Nursing Campus in Hematology

Nursing Campus in Hematology

 10-11 Dicembre 2020 – FAD Sincrona in Piattaforma Zoom webinar

 

Direzione Scientifica

– Stefano Botti
Infermiere di Ricerca presso Azienda Ospedaliera – IRCCS, Dipartimento Oncologico e Tecnologie Avanzate,
Unità Operativa Complessa di Ematologia, Centro Onco-ematologico (CORE) di Reggio Emilia
– Gianpaolo Gargiulo
Infermiere presso U.O.C. di Ematologia e Trapianti Cellule Staminali Emopoietiche (TCSE), Azienda
Ospedaliera Universitaria Federico II di Napoli
– Laura Orlando
BMT Unit Coordinator and Quality Manager presso lo IOSI-Istituto Oncologico della Svizzera Italiana,
Bellinzona (Svizzera)

 

Faculty

Stefano Botti – Reggio Emilia
Anna Campanati – Ancona
Chiara Cannici – Alessandria
Fausto Castagnetti – Bologna
Sabina Chiaretti – Roma
Roberto Foà – Roma
Gianpaolo Gargiulo – Napoli
Assunta Guillari – Napoli
Michela Colalelli – Roma
Jessica Germanò – Reggio Calabria
Daniela Manzo – Pescara
Federica Olivazzi – Brescia

 

RAZIONALE

Il Campus Infermieristico ha l’obiettivo di creare una rete di professionisti attivi e gruppi di lavoro che
discutano sullo stato dell’arte nell’assistenza ai pazienti affetti da Leucemia Linfoblastica Acuta (LLA),
Leucemia Mieloide Cronica (LMC) e da Graft versus Host Disease (GvHD) dopo Trapianto di Cellule Staminali
Ematopoietiche (TCSE).
L’interazione multiprofessionale tra esperti, gruppi di lavoro, Società Scientifiche e rappresentanze dei
pazienti, è in grado di generare un flusso di esperienze e conoscenze fondamentale per l’individuazione di
targets assistenziali condivisi.

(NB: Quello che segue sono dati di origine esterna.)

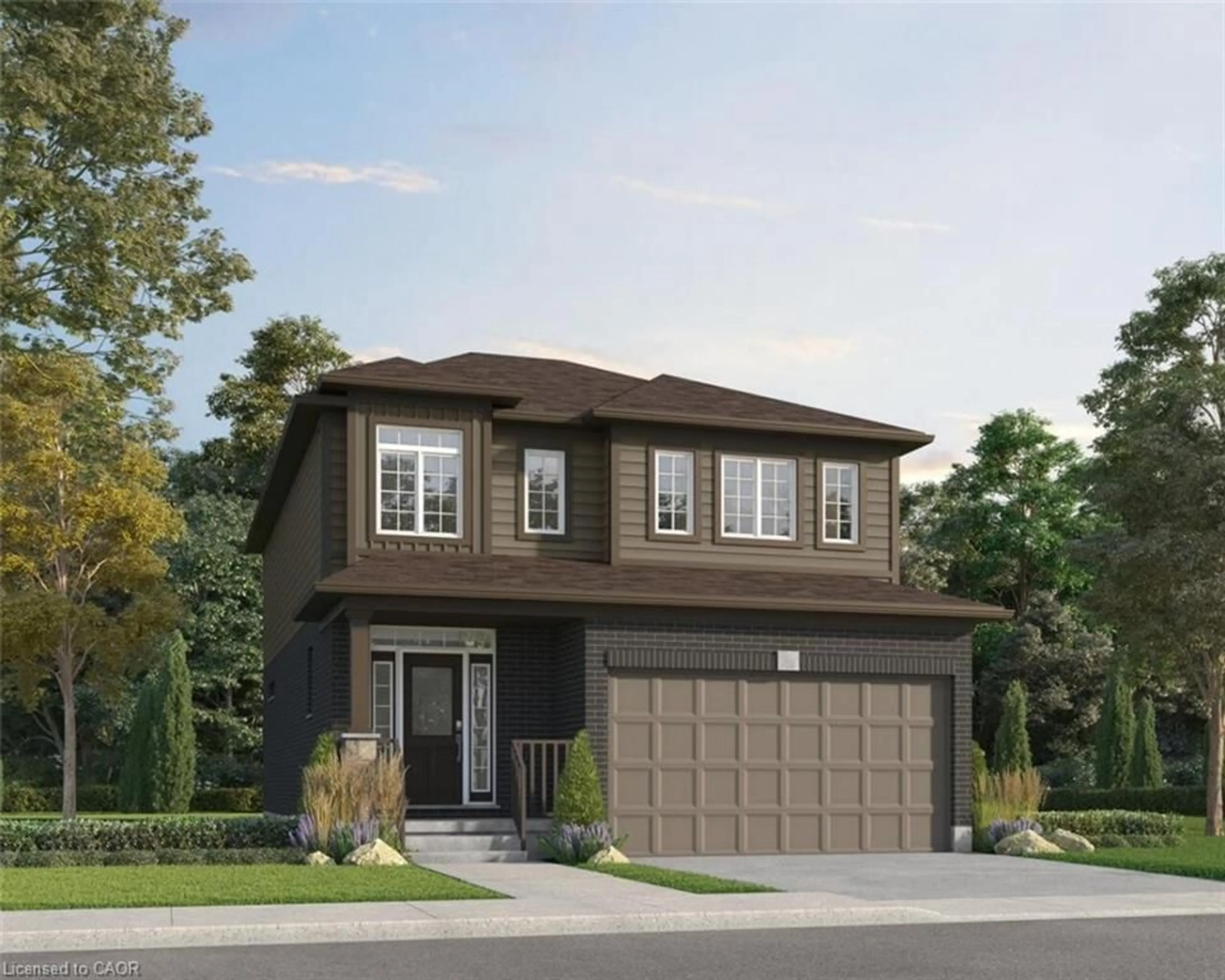 Home with brick exterior material, street for 690 Autumn Willow Dr, Waterloo Ontario N2V 0H9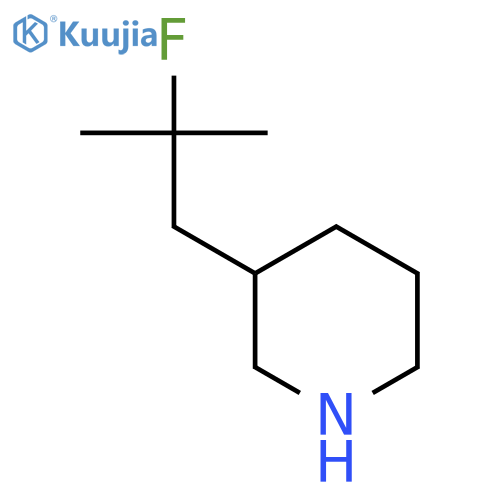 3-(2-fluoro-2-methylpropyl)piperidine structure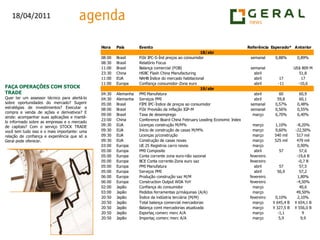 FAÇA OPERAÇÕES COM STOCK TRADEQuer ter um assessor técnico para alertá-lo sobre oportunidades do mercado? Sugerir estratégias de investimentos? Executar a compra e venda de ações e derivativos? E ainda: acompanhar suas aplicações e mantê-lo informado sobre as empresas e o mercado de capitais? Com o serviço STOCK TRADE você tem tudo isso e o mais importante: uma relação de confiança e experiência que só a Geral pode oferecer.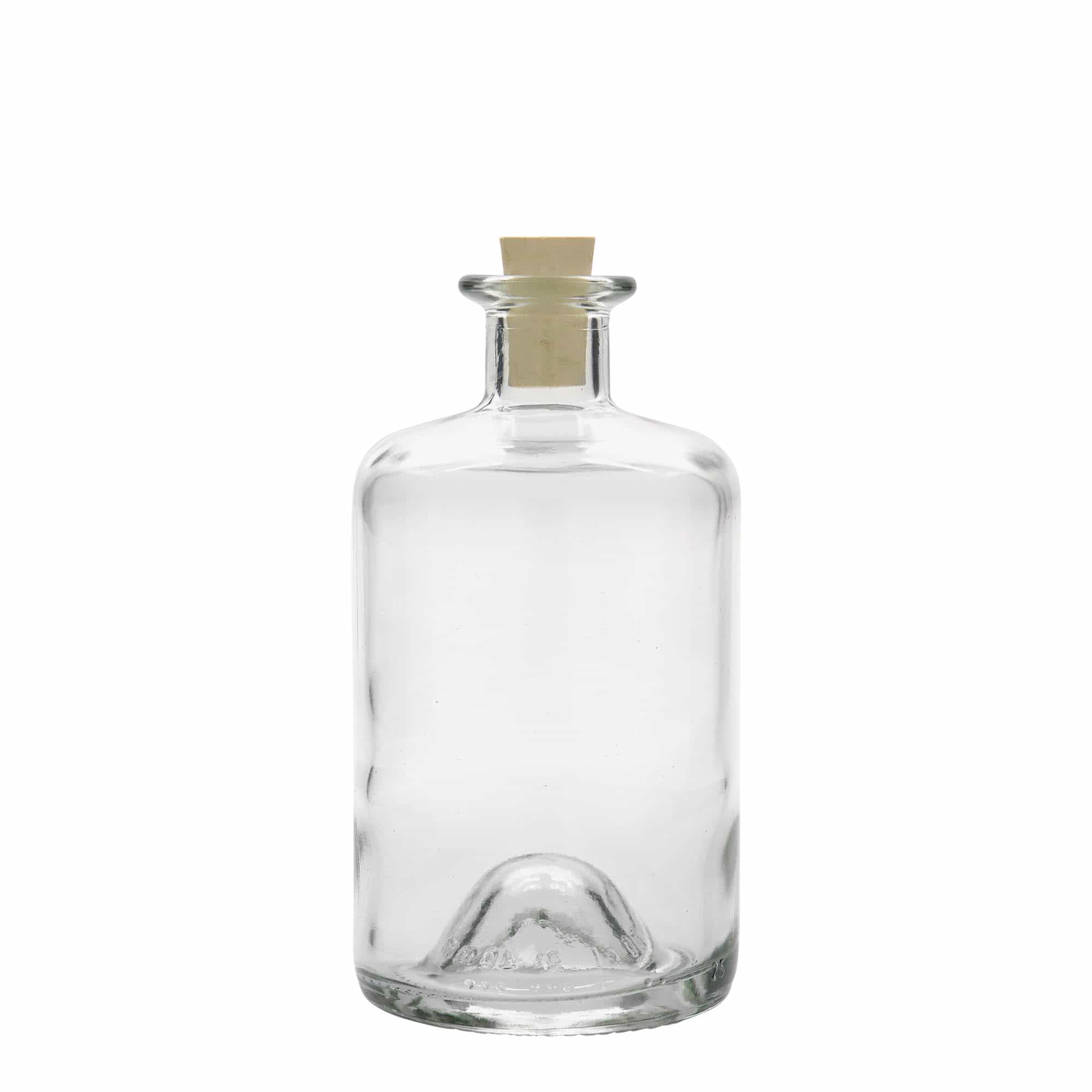 500 ml glasflaske apoteker, åbning: kork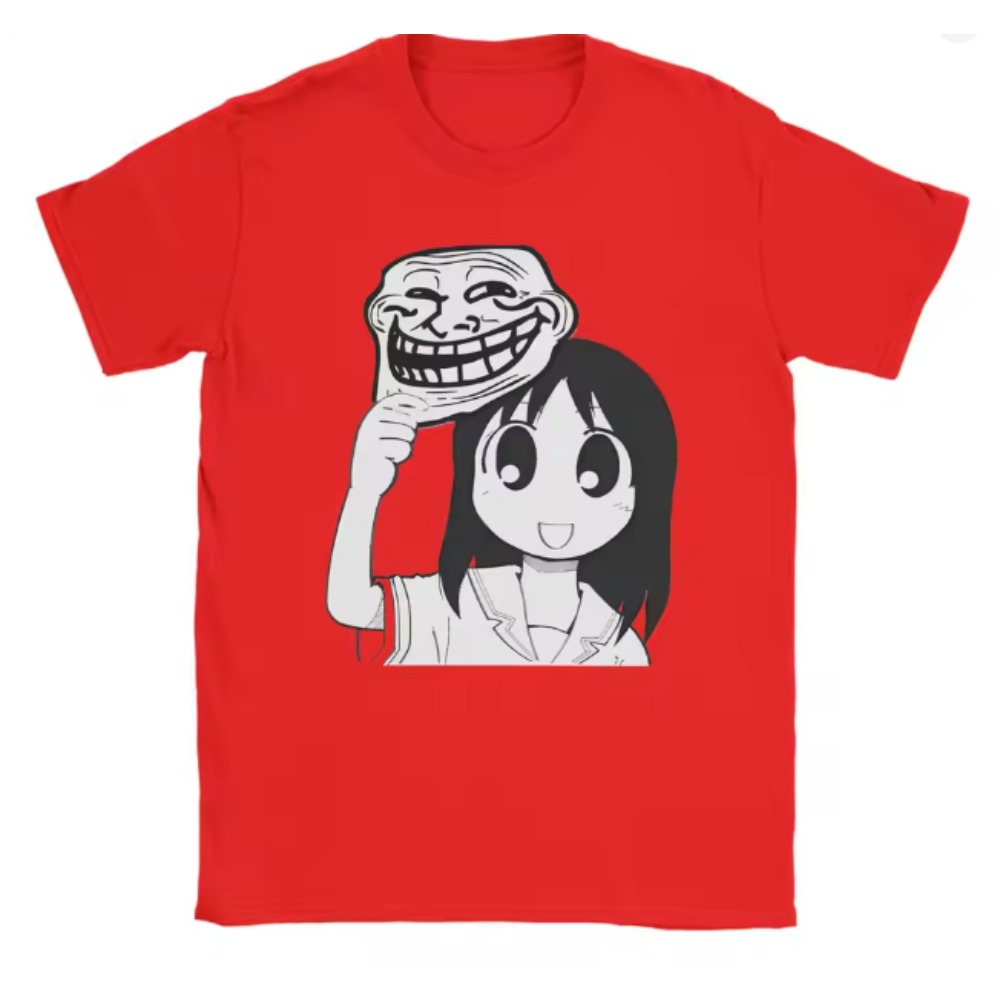 2026 大阪自閉症おかしいかわいいあゆむ Tシャツファッションアニメ Azumanga 大王夏 Tシャツ純粋な綿のトップスプラスサイズ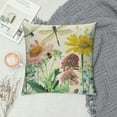 thumbnail image 2 of ONETECH Spring Floral Throw Pillow Cover  Wildflowers Plants Butterfly Patio Decorative Pillow Cushion Cases Outdoor Cushion Covers for Couch Sofa Bedroom Car Home Decor, 2 of 5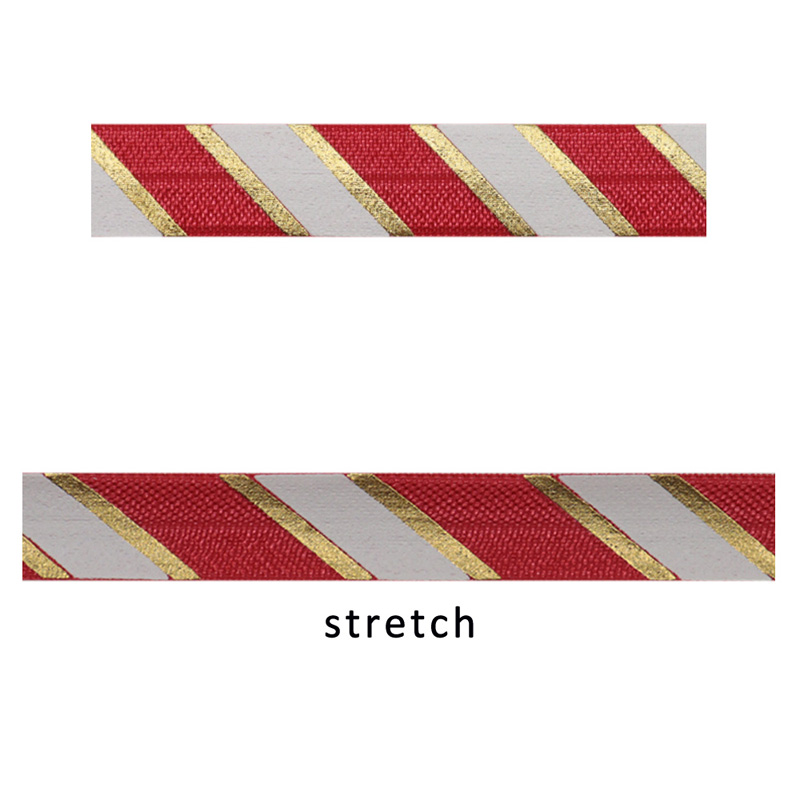 Red elastic ribbon for hair ties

La produzione e diffusione di contenuti aggiornati e linee di indirizzo
costituiscono la base fondamentale per la standardizzazione dei comportamenti e delle attività, di
conseguenza uno stimolo alla promozione di nuova ricerca anche in ambito infermieristico.
La cronica mancanza di evidenze in merito agli approcci e alle azioni infermieristiche durante l’assistenza ai
pazienti oncologici genera la necessità di individuare dei “punti di partenza” condivisi e di sviluppare
percorsi assistenziali adeguati alla dinamicità di sviluppo delle nuove opzioni di trattamento ed alla
peculiarità dei bisogni dei pazienti.